DATA TO USE =
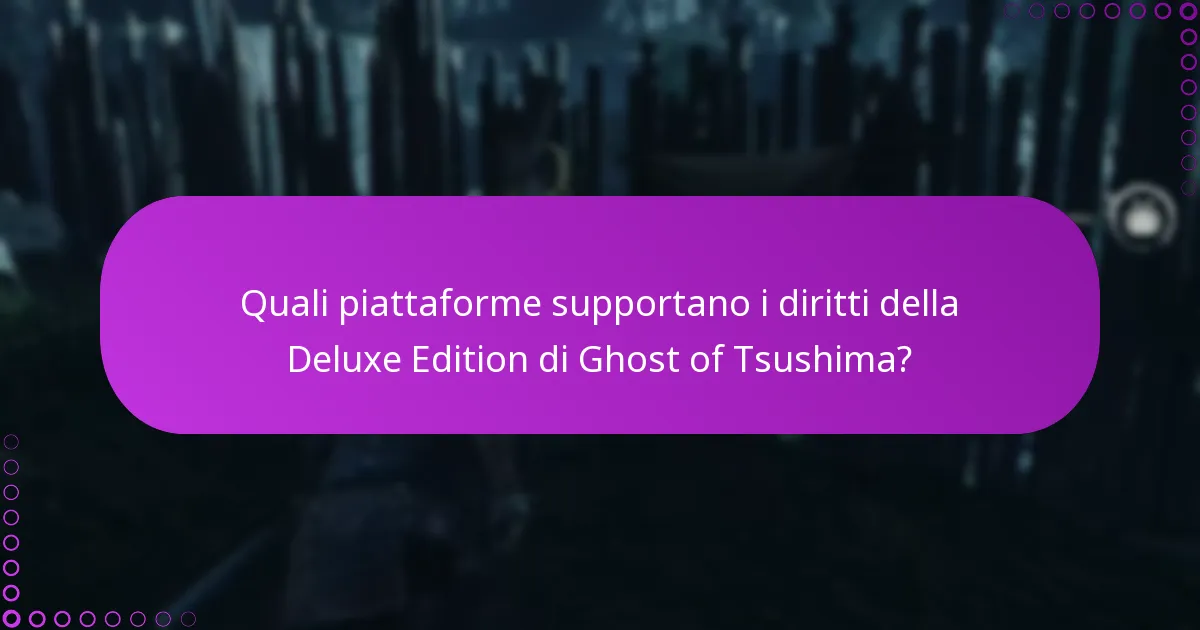Quali piattaforme supportano i diritti della Deluxe Edition di Ghost of Tsushima?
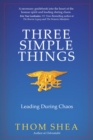 Three Simple Things : Leading During Chaos - Book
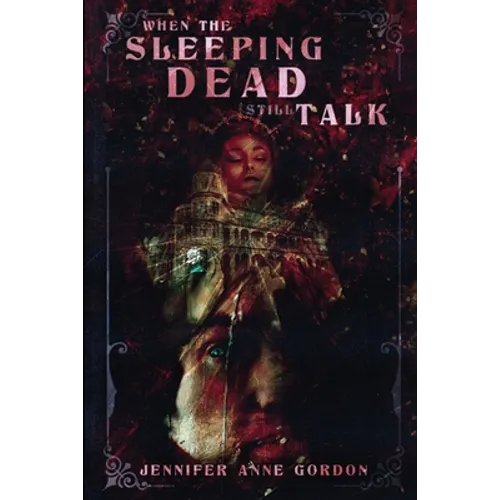 When the Sleeping Dead Still Talk (The Hotel #2)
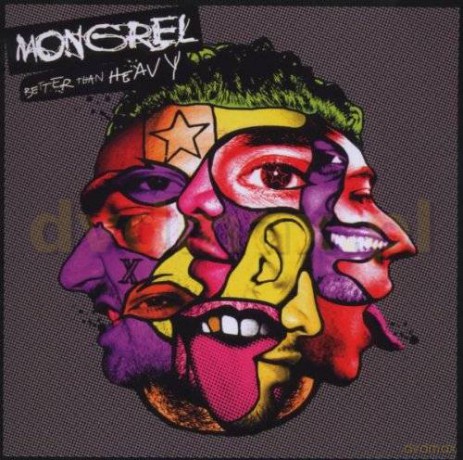 Mongrel: Better Than Heavy [2CD]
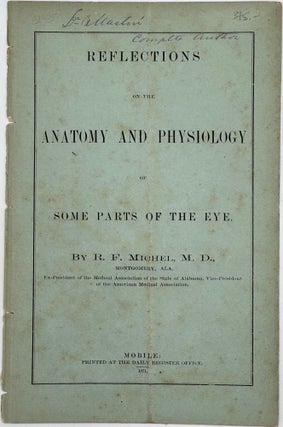Item #51430 Reflections on the Anatomy and Physiology of Some Parts of the Eye [cover title]. R....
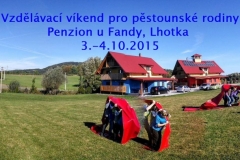 Vzdělávací víkend 3.- 4.10.2015 Lhotka - Penzion u Fandy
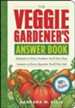 The Veggie Gardener's Answer Book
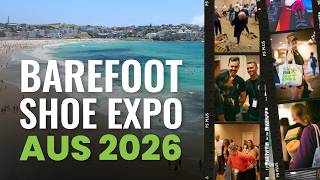 Australia's First Barefoot Shoe & Foot Health Expo: Sydney 2026 Recap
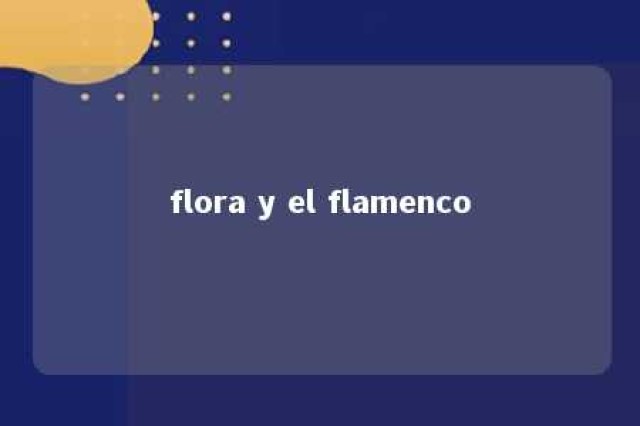 flora y el flamenco 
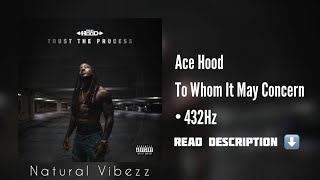 [432Hz] Ace Hood - To Whom It May Concern (Trust The Process)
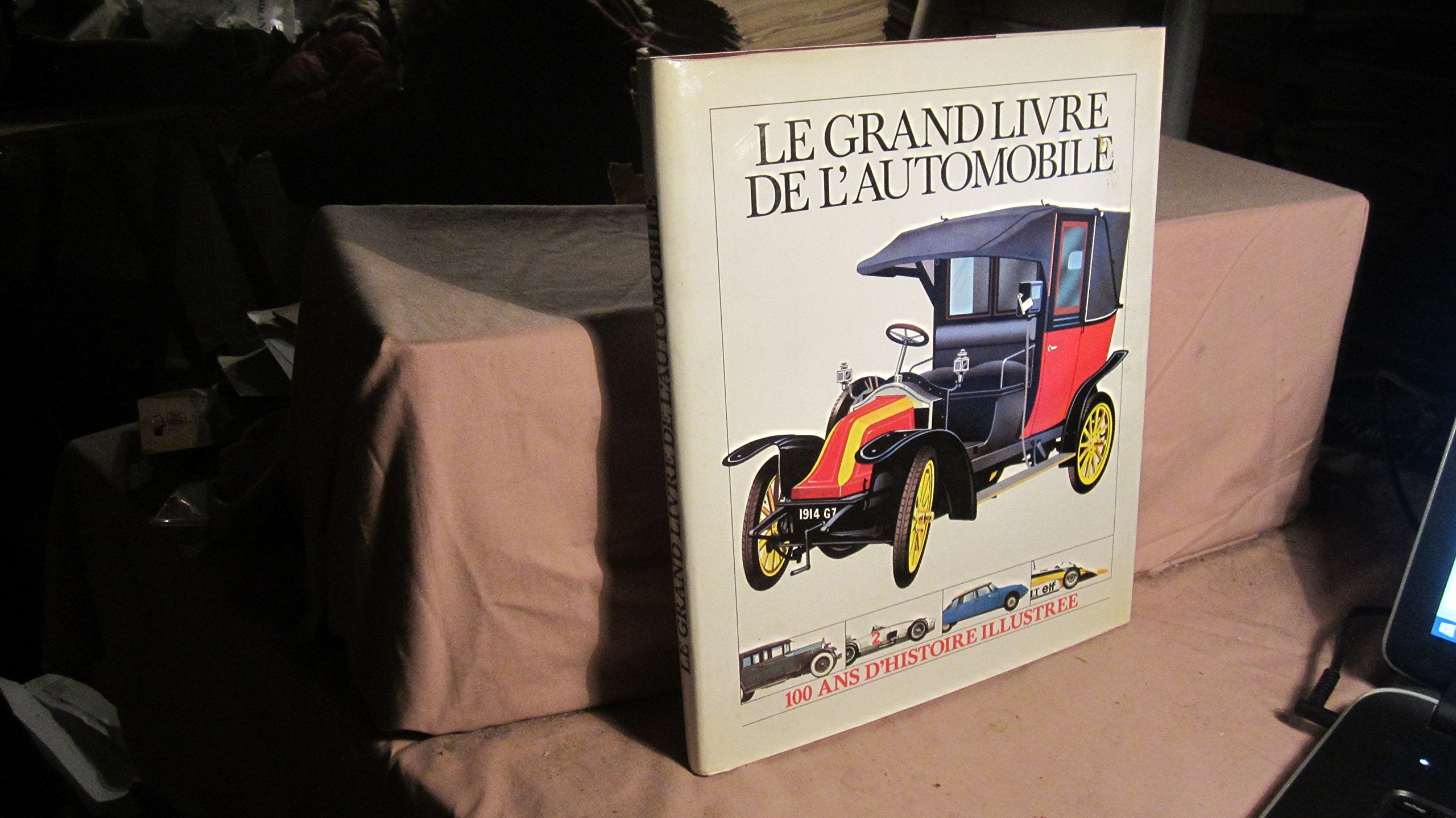 Le grand livre de l'automobile (100 ans d'histoire illustrée 1886-1986) Books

WHAT TO WORK ON =
Take the lines from the one containing "Item #51430 Reflections" through the final line of the listing above and print them exactly, including both ends but no pictures.

TASK RESULT =
Item #51430 Reflections on the Anatomy and Physiology of Some Parts of the Eye [cover title]. R....
 Vzdělávací víkend 3.- 4.10.2015 Lhotka - Penzion u Fandy
 The Veggie Gardener's Answer Book
 Australia's First Barefoot Shoe & Foot Health Expo: Sydney 2026 Recap
 flora y el flamenco 
 [432Hz] Ace Hood - To Whom It May Concern (Trust The Process)
 Le grand livre de l'automobile (100 ans d'histoire illustrée 1886-1986) Books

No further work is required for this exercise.